This is one preposterous flick, even by action movie standards. Granted, some of the most plotless action movies can be fun because of elements like their stylishly furious set pieces (District B13) or subtle self-awareness about how goofy everything is (Commando). But The Marine boils its action down to simply blowing stuff up. Since that's really all the movie has to offer, I could've had more fun with a box of leftover fireworks.

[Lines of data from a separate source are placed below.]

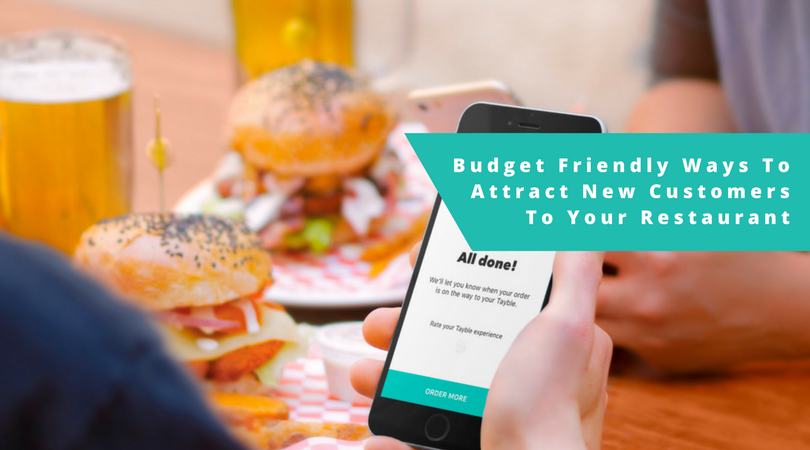 4 Budget Friendly Ways To Attract New Customers To Your Restaurant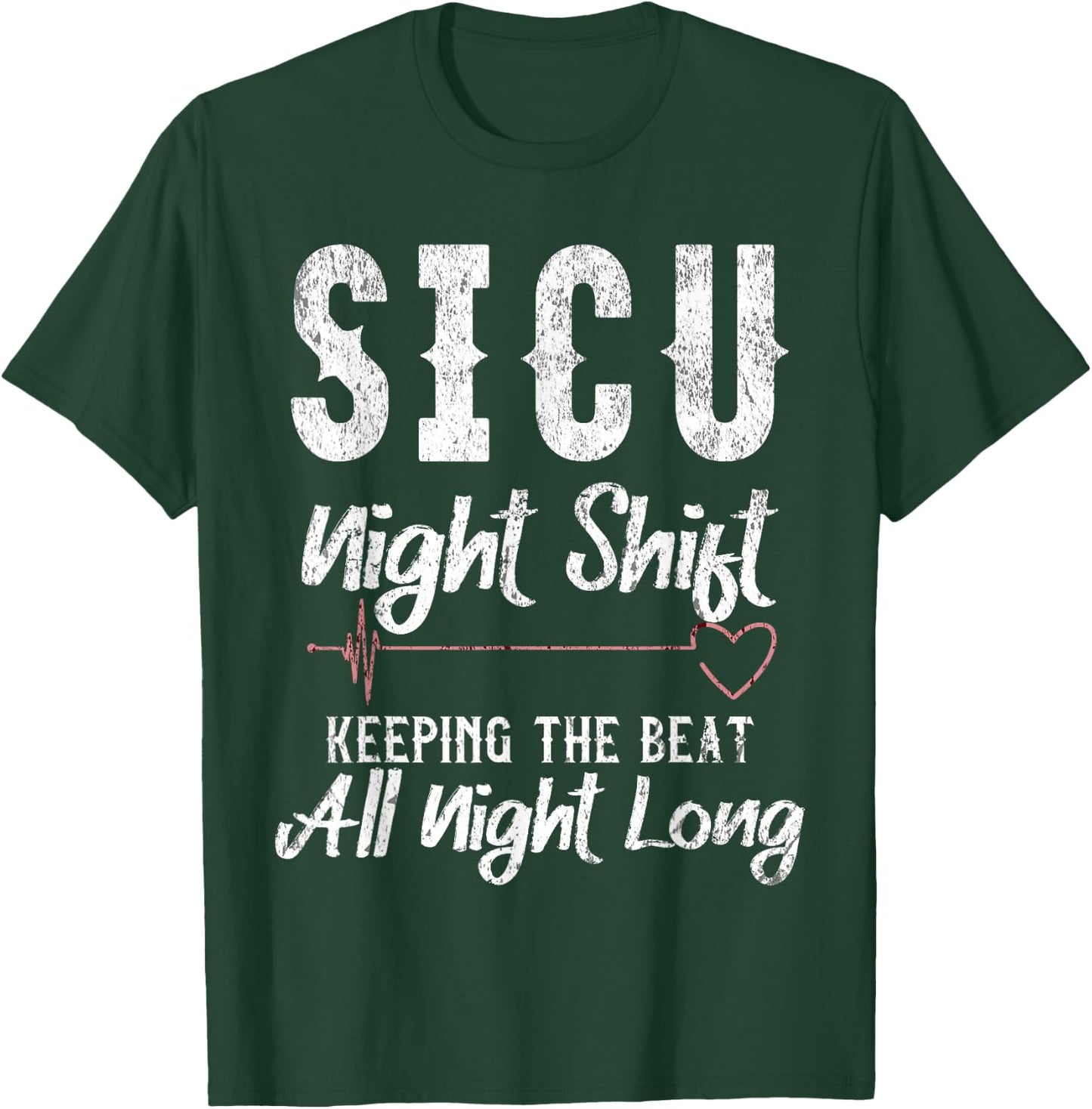 SICU Night Shift Nurse T-Shirt - T-Shirt | Forest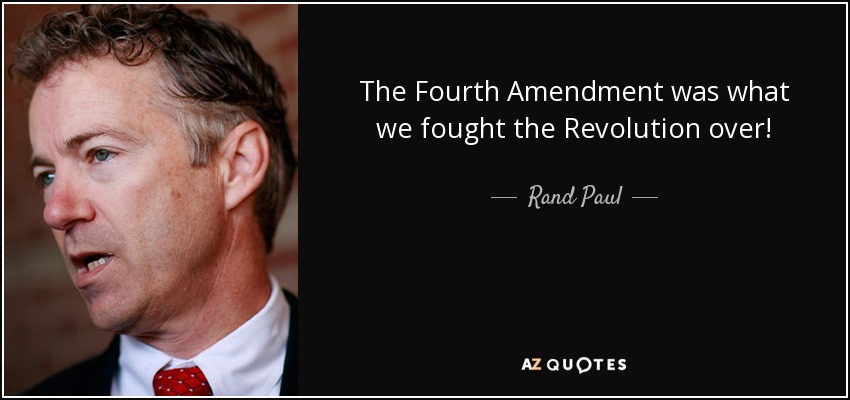 ¡La Cuarta Enmienda fue por lo que luchamos en la Revolución! - Rand Paul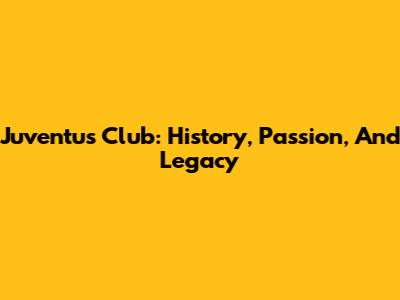 Juventus Club: History, Passion, And Legacy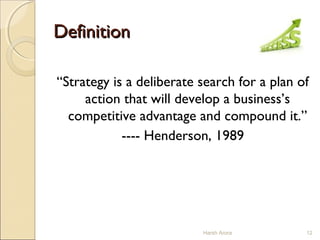DefinitionDefinition
“Strategy is a deliberate search for a plan of
action that will develop a business’s
competitive advantage and compound it.”
---- Henderson, 1989
12Harsh Arora
 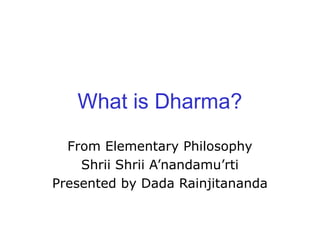 What is Dharma?
From Elementary Philosophy
Shrii Shrii A’nandamu’rti
Presented by Dada Rainjitananda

The Marine sails past being a guilty pleasure and ends up making you feel guilty for wasting time watching it. It's laughable in all of the worst ways, from that very first image of Cena looking goofy as all get-out in his Marine uniform to the inexplicably bizarre banter between Rome and his thugs, meant to provide comic relief but ending up too bizarre and irrelevant. As a leading man, Cena's personality and acting chops render him the masculine equivalent of Jessica Simpson. Patrick surprised me with his boring villain turn here (after all, he played one of the greatest villains of all time in Terminator 2), and Carlson's presence is unmemorable. 

I never thought I'd find myself yearning to see Kane mow down twentysomethings again in See No Evil instead of watching an action flick, but The Marine made me realize there's actually been better movies starring wrestlers.

MY RATING: * (out of ****)

(Released by Twentieth Century Fox and rated "PG-13" for intense sequences of violent action, sensuality and language.)